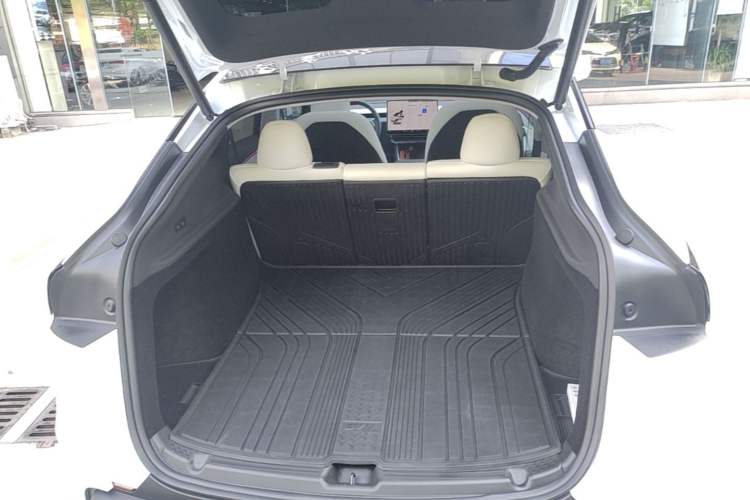Used Tesla Model Y 2025 Long-Range All-Wheel-Drive Version Trunk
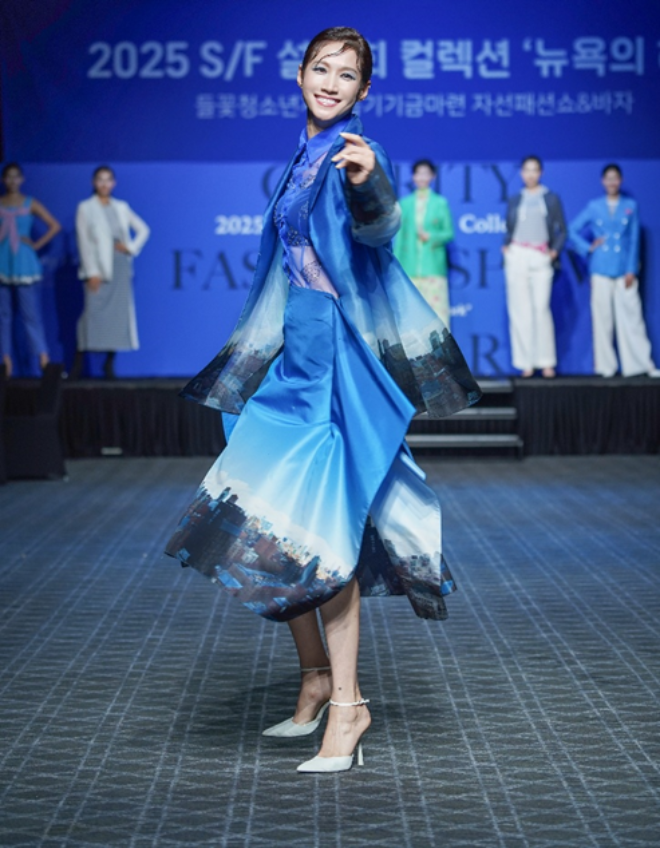 런웨이에서 모델 이선진씨가 워킹을 하고 있는 모습. (사진=포도컴)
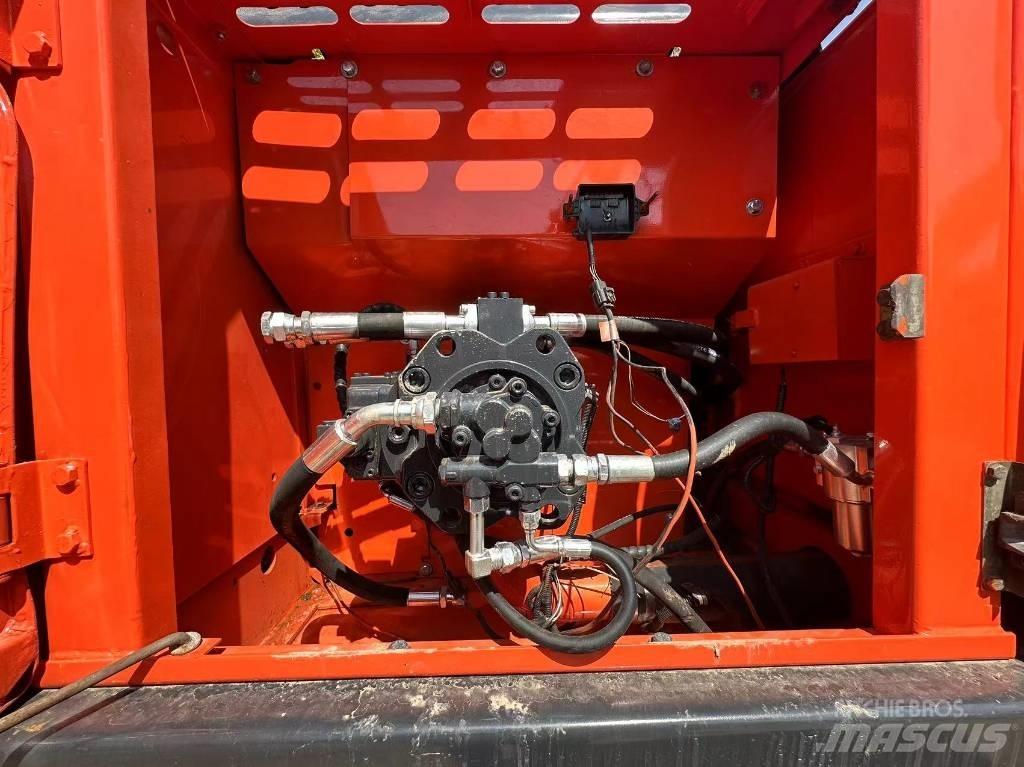 Doosan DX 225 LC-9 대형 굴삭기 29톤 이상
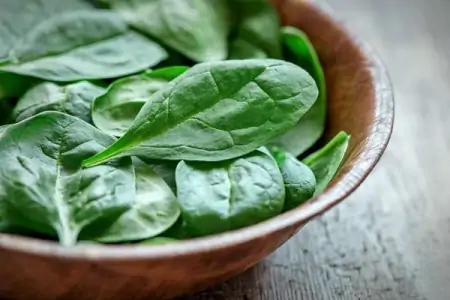 血脂高手麻，脚抽筋！这些降血脂食物每天换着吃，血管更健康！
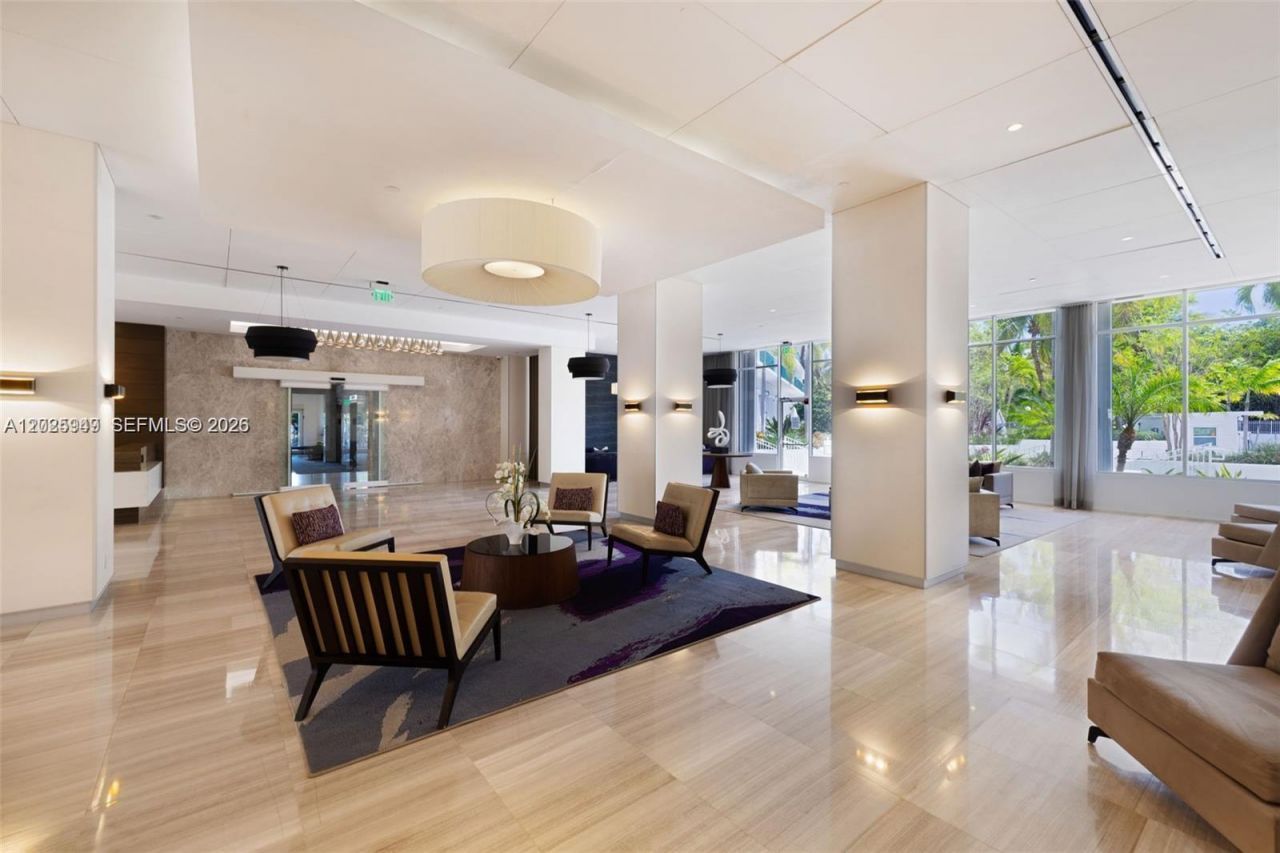 100 Bayview Dr , Unit 503, Sunny Isles Beach, FL 33160 Photo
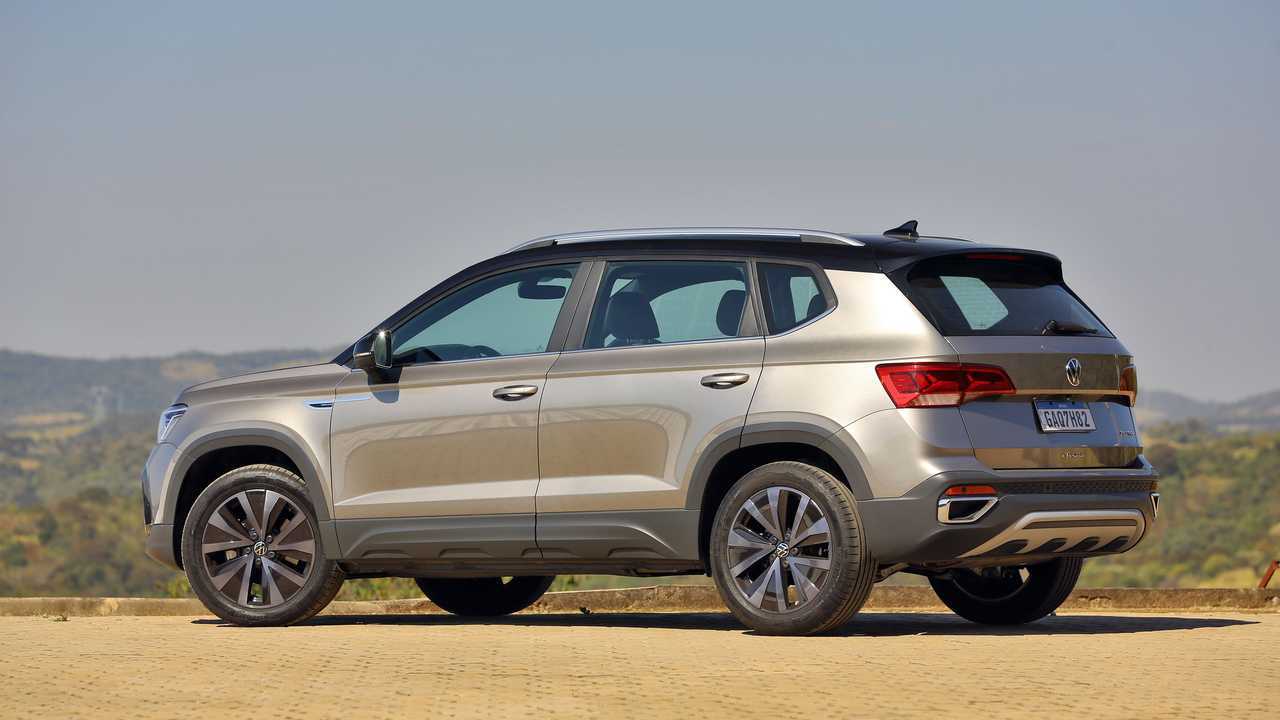 Comparativo: Jeep Compass S vs. Toyota Corolla Cross XRX Hybrid vs. VW Taos Launch Edition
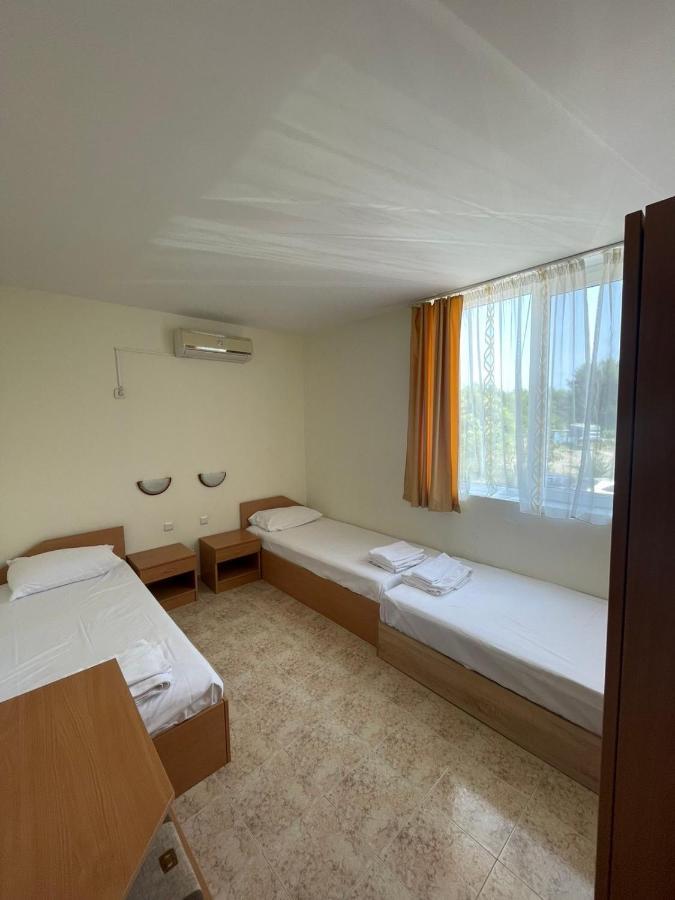 Rutland Sp Apartments Равда Екстер'єр фото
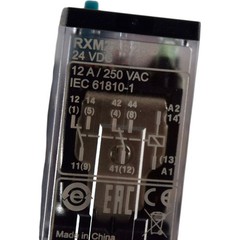 Schneider Electric RXZE2S108M Socket & RXM2AB2BD Relay 24VDC 12A 2C/O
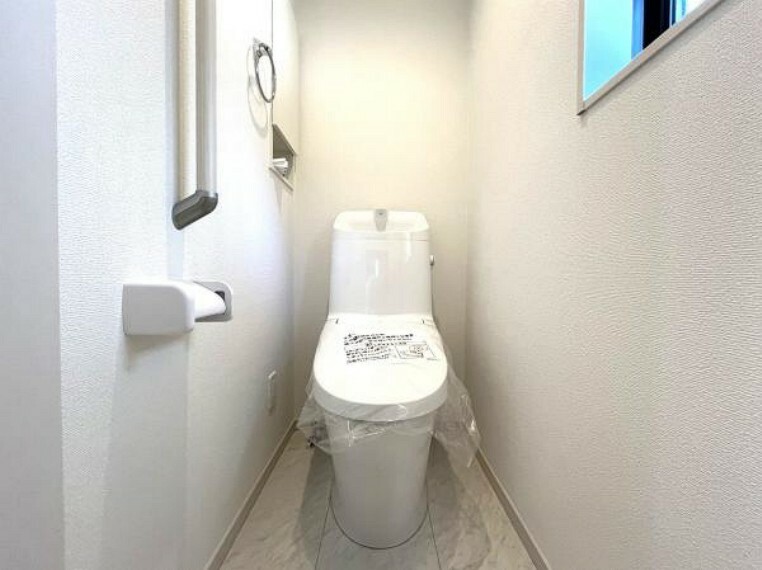トイレ 毎日使うトイレには快適な温水洗浄便座付。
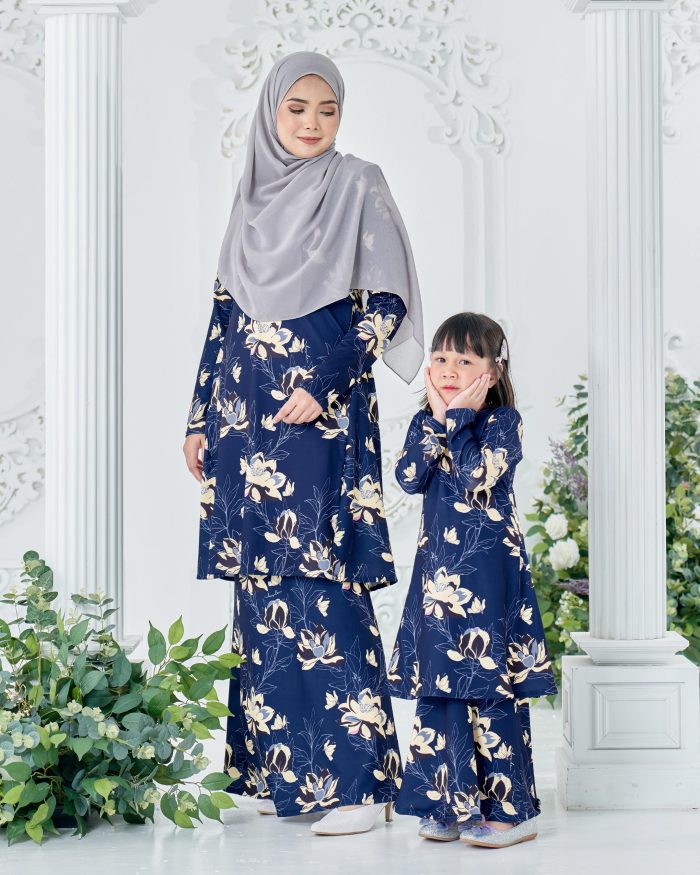 Baju Kurung Pahang Laura Printed Kids 8.0 - Prussian Lotus - Image 4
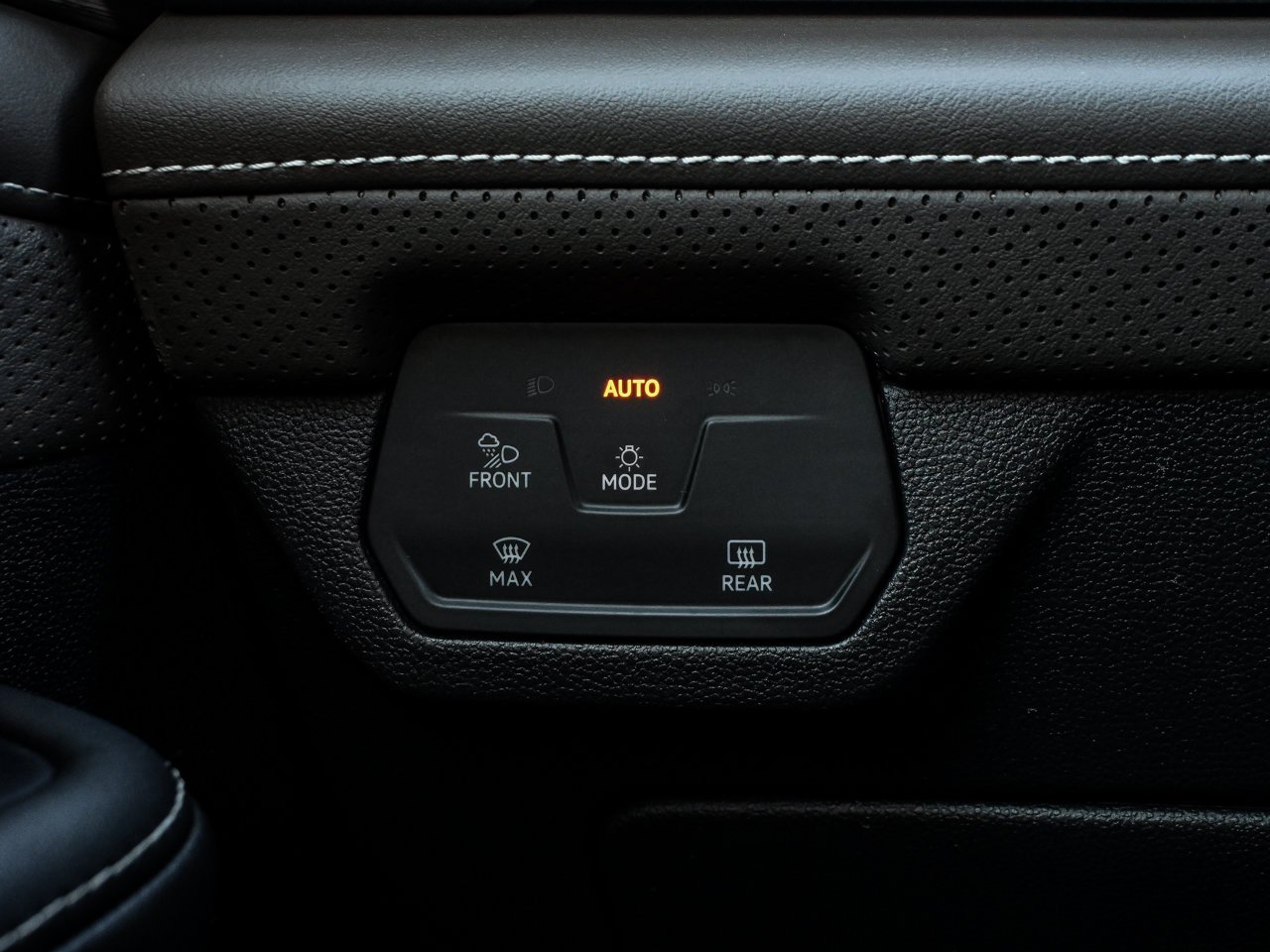 2024 Volkswagen Atlas Highline 2.0 TSI 4MOTION White Sherwood Park - photo #20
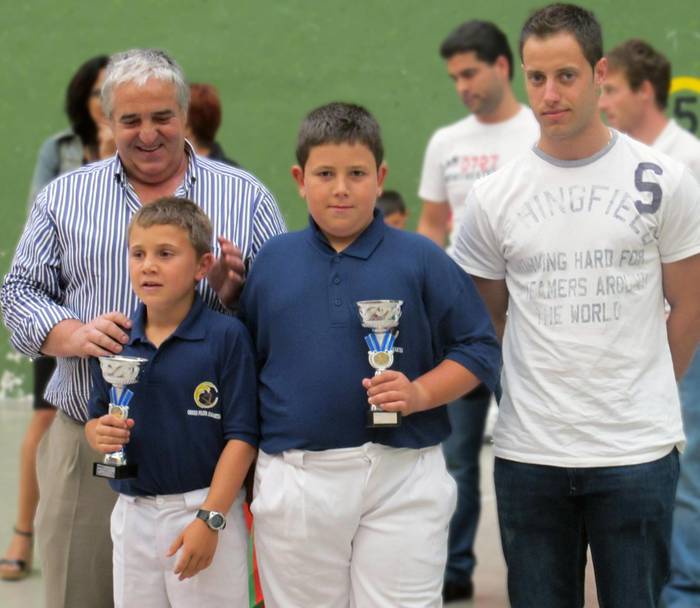 San Pedro egunean jokatuko dira esku pilota eta pala txapelketetako finalak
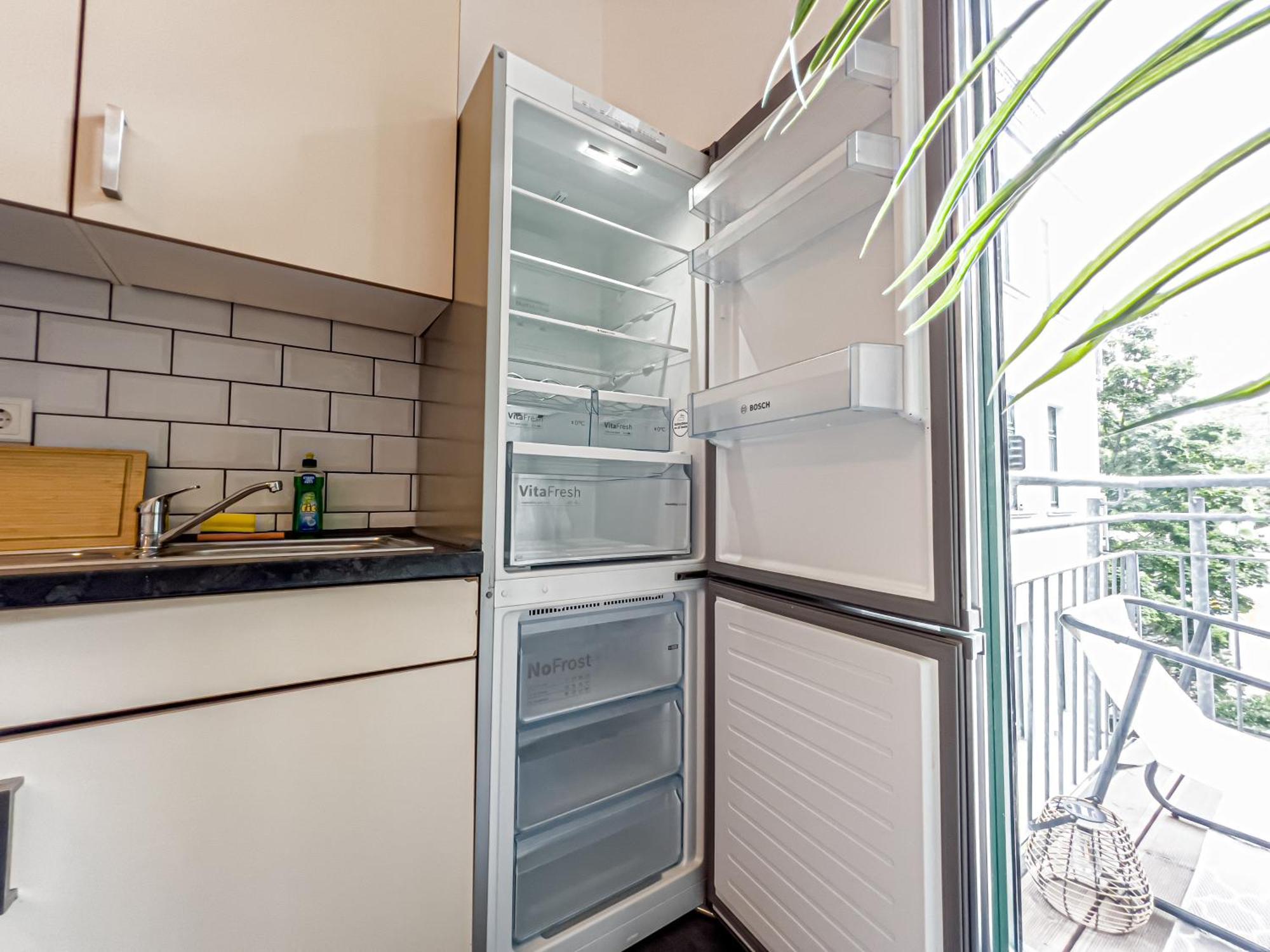 Grosse 3 Schlafzimmer Unterkunft Mit Kueche, Bad, Waschmaschine & Balkon Am Zoo Leipzig Exterior photo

YOUR ASSIGNMENT: Please transcribe, with no additions, the lines starting at the one that contains "Baju Kurung Pahang" and running through the last line of the entries, inclusive. Leave the pictures out.

EXERCISE SOLUTION:
 Baju Kurung Pahang Laura Printed Kids 8.0 - Prussian Lotus - Image 4
 2024 Volkswagen Atlas Highline 2.0 TSI 4MOTION White Sherwood Park - photo #20
 San Pedro egunean jokatuko dira esku pilota eta pala txapelketetako finalak
 Grosse 3 Schlafzimmer Unterkunft Mit Kueche, Bad, Waschmaschine & Balkon Am Zoo Leipzig Exterior photo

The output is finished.